Data items

========

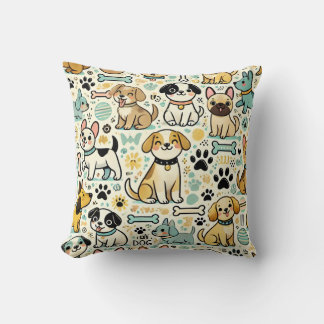 Adsible Hund Mönster Cushion Kudde
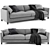 Modern Meridiani Bissè Sofa: Sleek Design & Superior Comfort 3D model small image 1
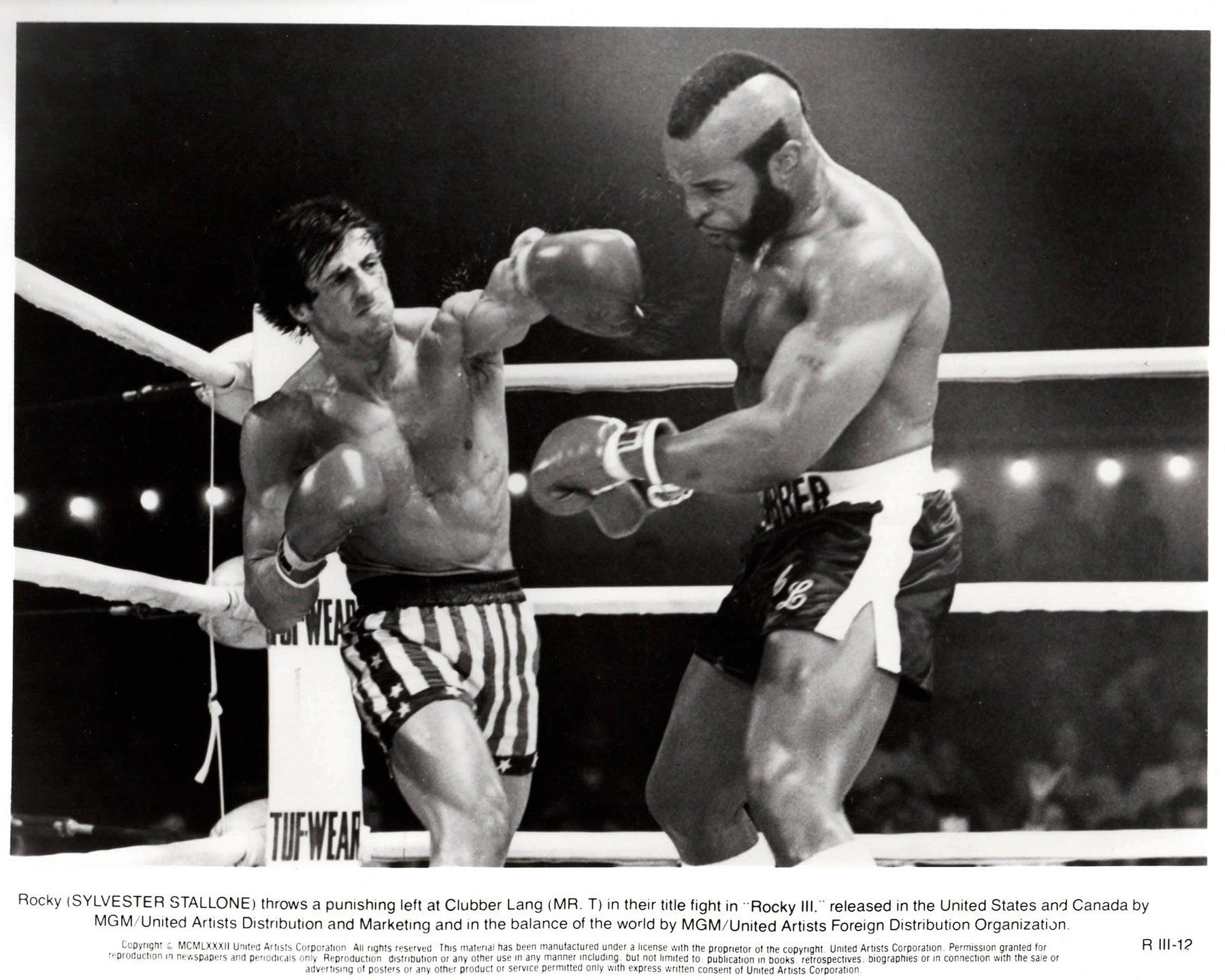Papier Rocky 3 1982 Publicity Film Movie Press Still Framed en vente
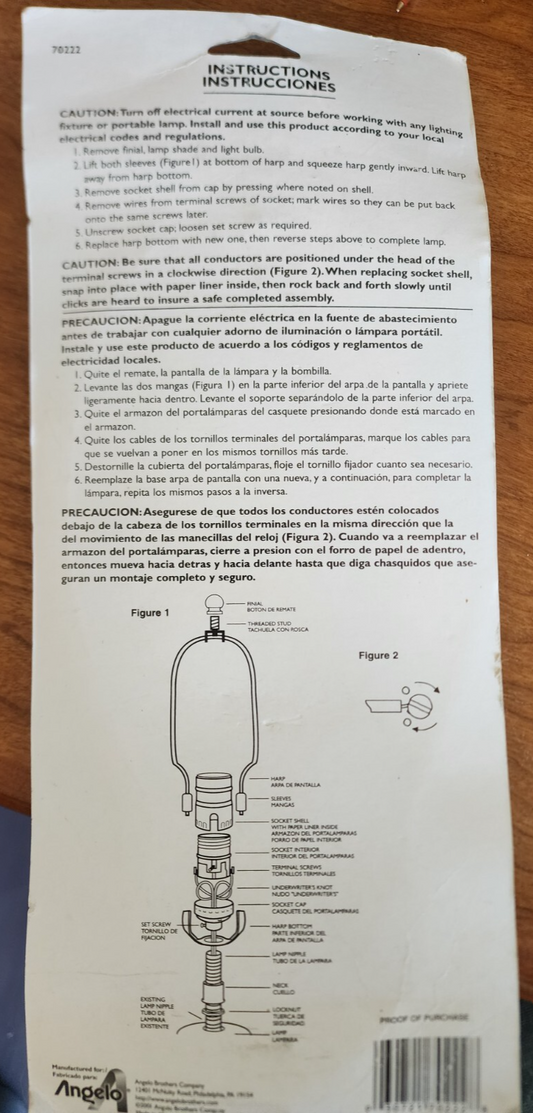 Angelo 10" Two-piece Detachable Lamp Harp Brass-plated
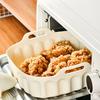 Square Silicone Air Fryer Liner with Handles Non-Stick Reusable Baking Mat for Oven & Microwave Dishwasher Safe Heat-Resistant Air Fryer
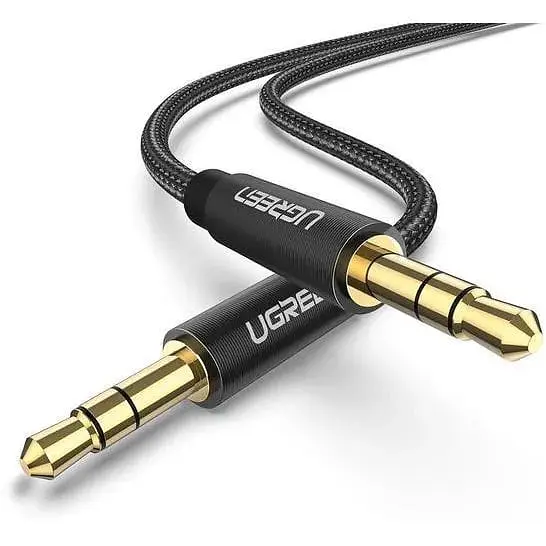 Аудіо кабель для підключення гарнітури Ugreen AV112 3.5 мм Male Cable золотистий Plated Metal Case with Braid 50363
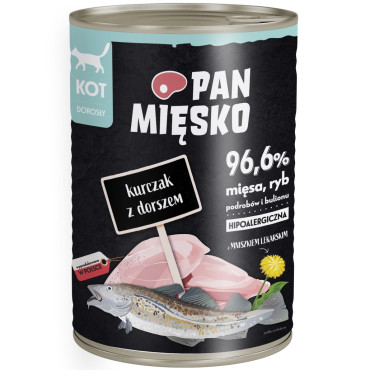 PAN MIĘSKO MOKRA KARMA DLA KOTA kurczak z dorszem
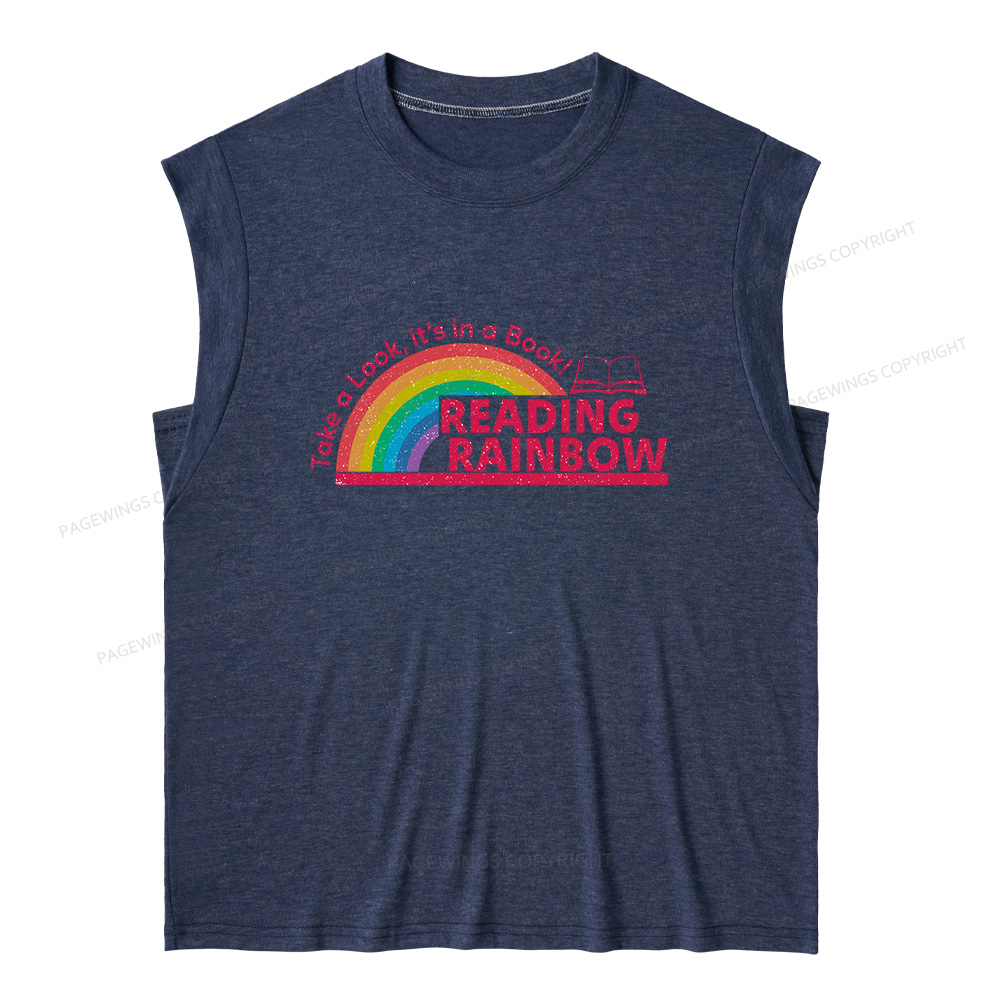 Pagewings Reading With Rainbow11479 Bookish Women's Heather Tank Top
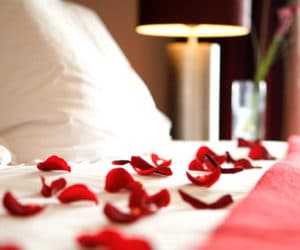 Valentines hotel room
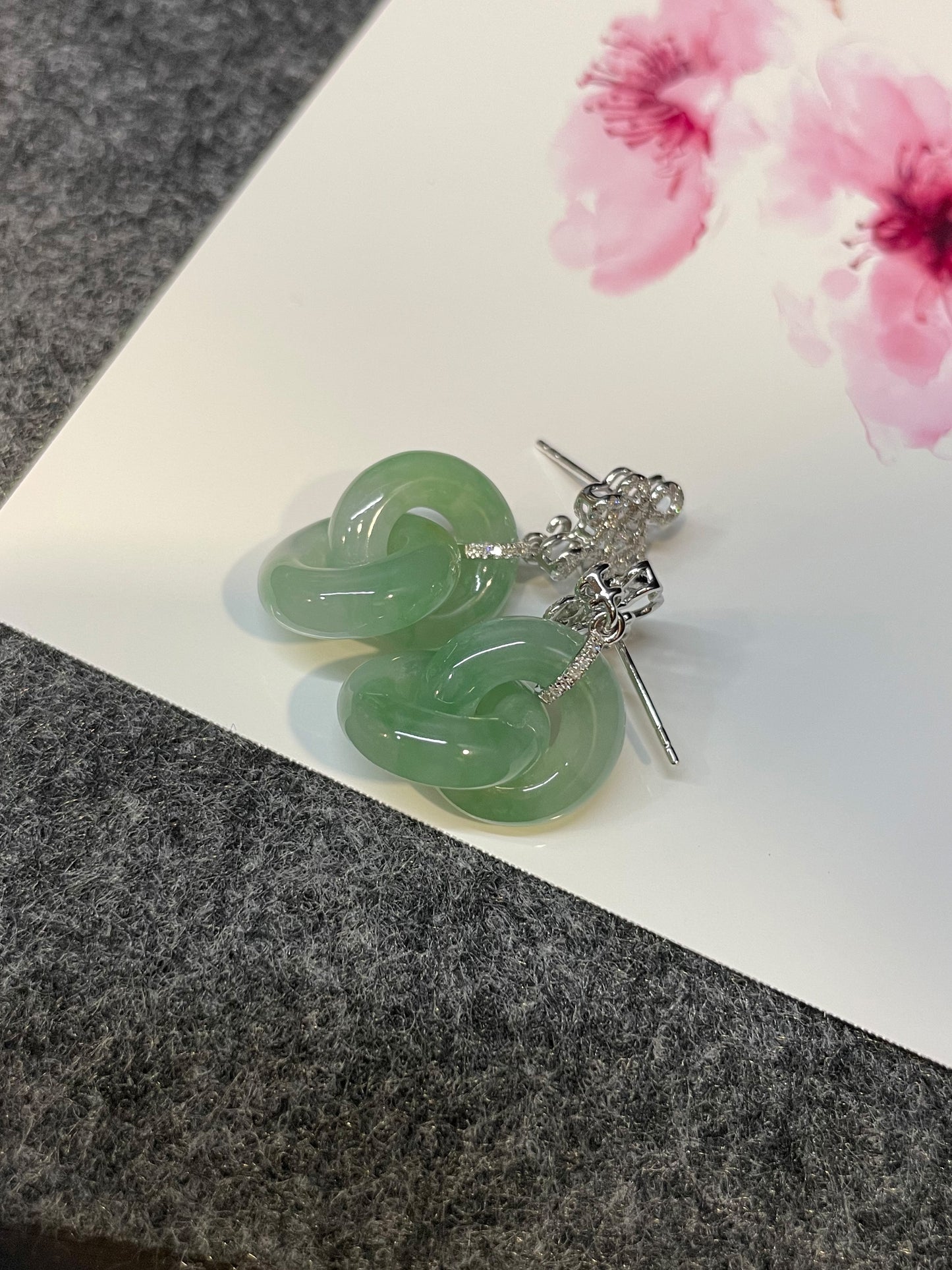 Green Jadeite Earrings - Double Hoop (NJE077)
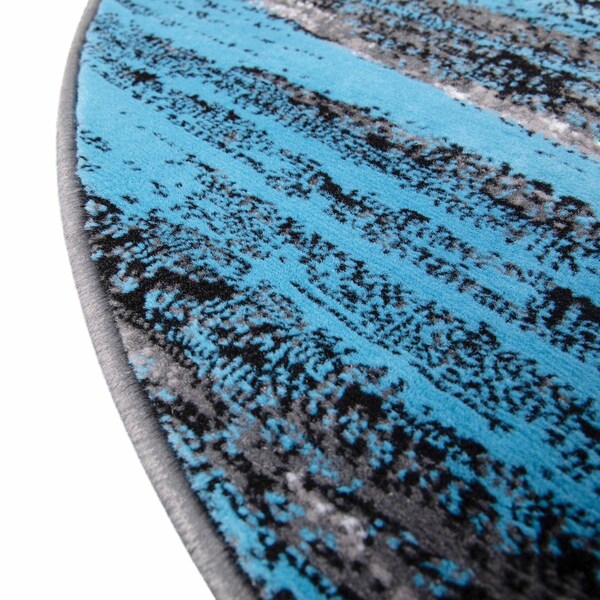 Flash Furniture Blue 7' x 7' Round Abstract Design Accent Area Rug - ACD-TZ-863-7R-BL-GG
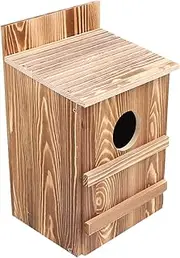 Wooden Owl House - Nesting Box with Circular Entry, Simple Assembly | Sturdy Birdhouse with Mounting Screws Included, Designed for Kestrels and Various Birds, Ideal for Outdoor Gardens Birdwatching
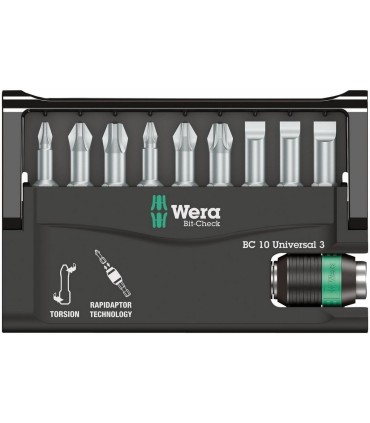 Wera Bit-Check 10 Universal 3 Bits Seti 05056375001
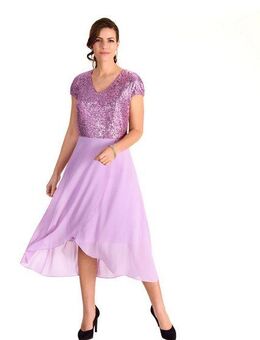 HERMANN LANGE Collection Paillettenkleid mit raffiniertem Materialmix aus Paillette und Chiffon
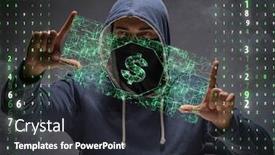  Presentation with hacker - Cool new slide deck with hacker-stealing-dollars-from-bank backdrop and a dark gray colored foreground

========

Work instructions: From the line containing "Green Jadeite Earrings" through the line containing "Wera Bit-Check 10", copy every line above exactly, without pictures.

Task result:
 Green Jadeite Earrings - Double Hoop (NJE077)
 Flash Furniture Blue 7' x 7' Round Abstract Design Accent Area Rug - ACD-TZ-863-7R-BL-GG
 Wooden Owl House - Nesting Box with Circular Entry, Simple Assembly | Sturdy Birdhouse with Mounting Screws Included, Designed for Kestrels and Various Birds, Ideal for Outdoor Gardens Birdwatching
 Wera Bit-Check 10 Universal 3 Bits Seti 05056375001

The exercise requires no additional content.